2. Une longue série chronologique
L’ensemble des messages adressés par le roi en fin d’année forme un corpus regroupant 39 discours qui présente les caractéristiques quantitatives suivantes:
Corpus.
Occurrences | Formes | Hapax |
50582 | 6413 | 3379 |
On remarque l’importance relative des ‘hapax’, ces formes qui sont à usage unique (fréquence = 1), puisqu’elles représentent plus de la moitié du nombre total de formes. Cela révèle une grande richesse lexicale et un nombre plutôt modéré de répétitions (fréquences = ou >2).
L’examen des 39 messages successifs, année par année, montre un ensemble relativement homogène : le nombre de formes est compris entre 500 et 900, celui des occurrences entre 900 et 1500 et le lexique est diversifié, comme l’indique le nombre élevé d’hapax.
De plus, il obéit à une partition annuelle qui est celle de l’année. Le tableau suivant présente les caractéristiques quantitatives de tous les discours annuels du corpus Navidad.
3. Polarisation du discours selon la période
L’analyse factorielle des correspondances (AFC) qui prend ici en compte tous les mots du corpus Navidad offre une intéressante approche statistique des formes sélectionnées par le roi : ce calcul compare la fréquence observée pour chaque forme, dans chaque message annuel, avec celle qui serait attendue si chaque forme était choisie exactement selon la même fréquence moyenne pour toutes les années.
Le résultat obtenu ci-dessous montre une forte polarisation en groupes d’années qui, forment une figure en V autour de l’axe vertical et de l’axe horizontal.
Quels regroupements nous apparaissent graphiquement, et comment les interpréter ? L’AFC dispose les années auxquels les adresses de Noël sont énoncées par le roi d’Espagne en les rapprochant si leur lexique respectif est proche, et au contraire en les éloignant dans le cas inverse. La distance entre ces lexiques annuels est grande par exemple entre ceux qui furent énoncés au début du règne, dans les années allant de 1975 à 1993 – à droite sur l’axe horizontal –, et ceux qu’il a prononcés au cours des années 2000, de 2002 à 2010, à gauche sur le même axe. Dans ce cas, la différence lexicale s’impose spontanément : des formes lexicales appartiennent spécifiquement aux discours d’une période ou plutôt d’une autre, l’axe horizontal étant celui du temps.

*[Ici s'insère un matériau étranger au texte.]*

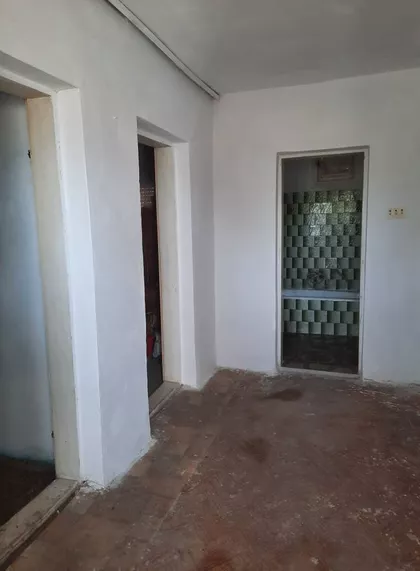 Samoš | 4zida.rs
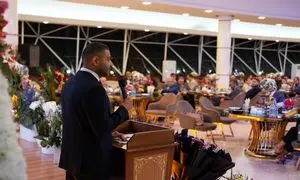 توقف در تجارت خارجی بی‌معنا است، فقط راهکارها تغییر می‌کنند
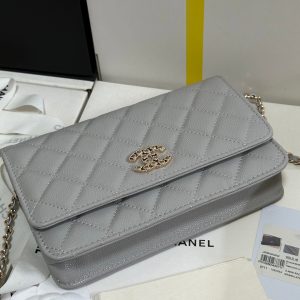 CC 25P Wallet On Chain 19cm Light Gray Cowhide Heart Rhinestone 243598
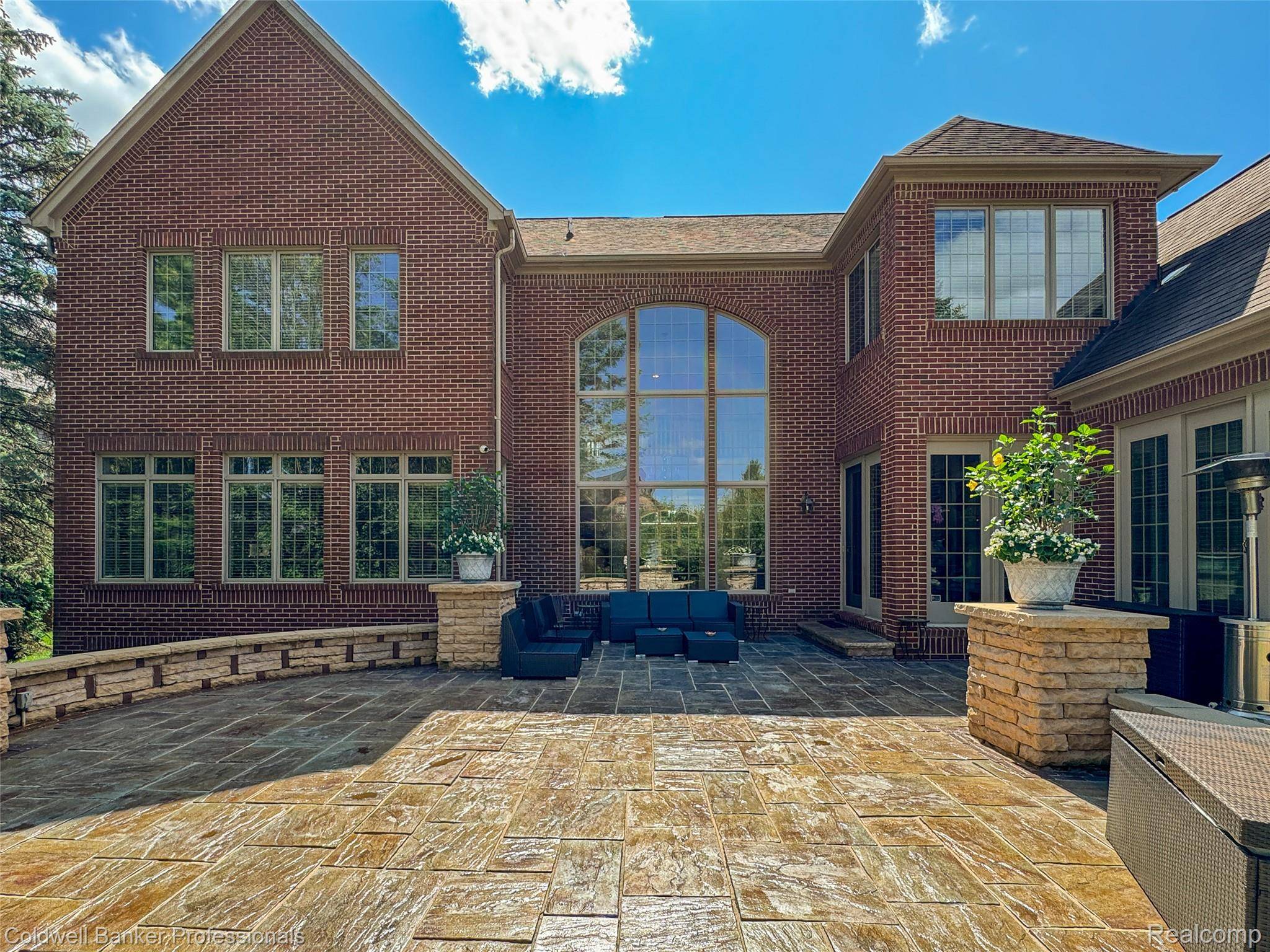 Rochester Hills, MI 48309,3755 Walnut Brook DR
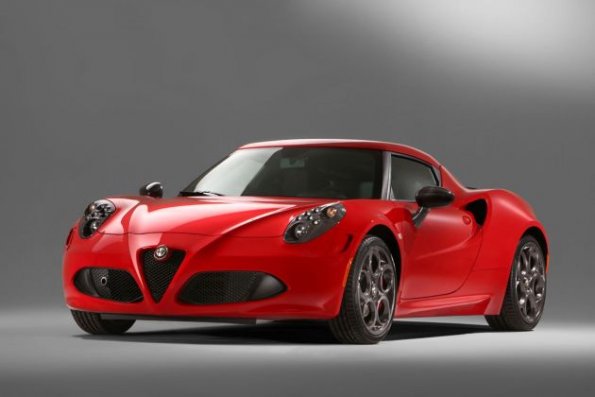 Die Frontansicht des Alfa Romeo 4C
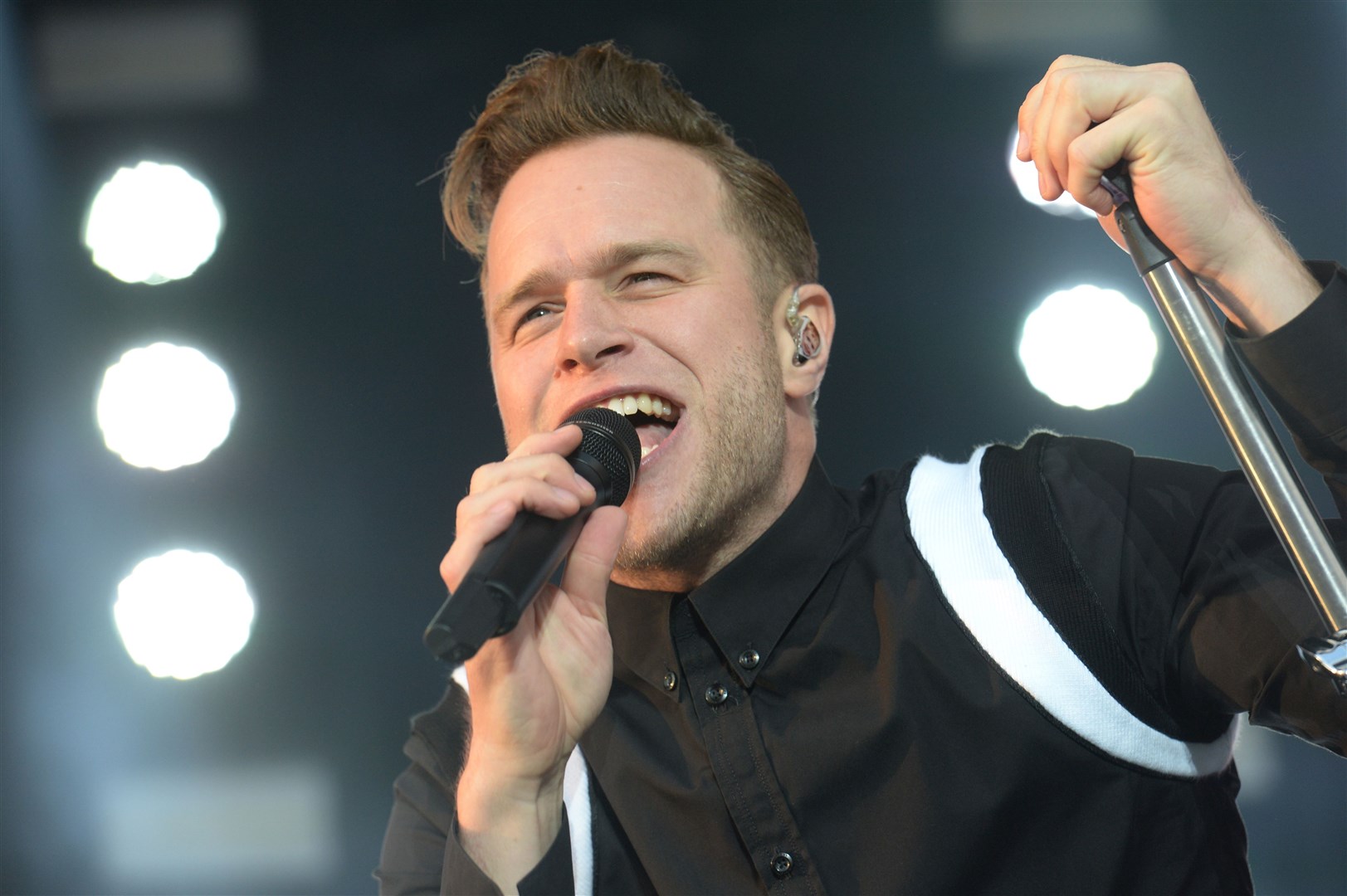 Olly Murs performing at Bught Park in 2017.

Toutefois, onze discours annuels sont dans un positionnement intermédiaire, plus proches du centre de l’axe horizontal et relativement éloignés des deux autres groupes de discours identifiés ci-dessus. De plus ce troisième ensemble est situé au bas de l’axe vertical, ce qui l’oppose visiblement aux discours des années 2000 et à ceux des années 70 et 80.
L’histogramme des valeurs propres des axes factoriels (ci-dessous) montre que l’axe horizontal est relativement prééminent : l’axe chronologique explique 7,9% de la position des discours ; viennent ensuite d’autres axes factoriels qui n’expliquent qu’une plus faible proportion de cette position, le deuxième axe – vertical – représentant 4,4% de l’information lexicale. La somme des axes synthétisés par l’analyse statistique du lexique atteint 52% environ.
L’analyse statistique sur une longue période montre ainsi que les discours du roi d’Espagne se différencient les uns des autres selon le lexique utilisé à différentes périodes, mais aussi selon d’autres critères qu’il convient d’explorer.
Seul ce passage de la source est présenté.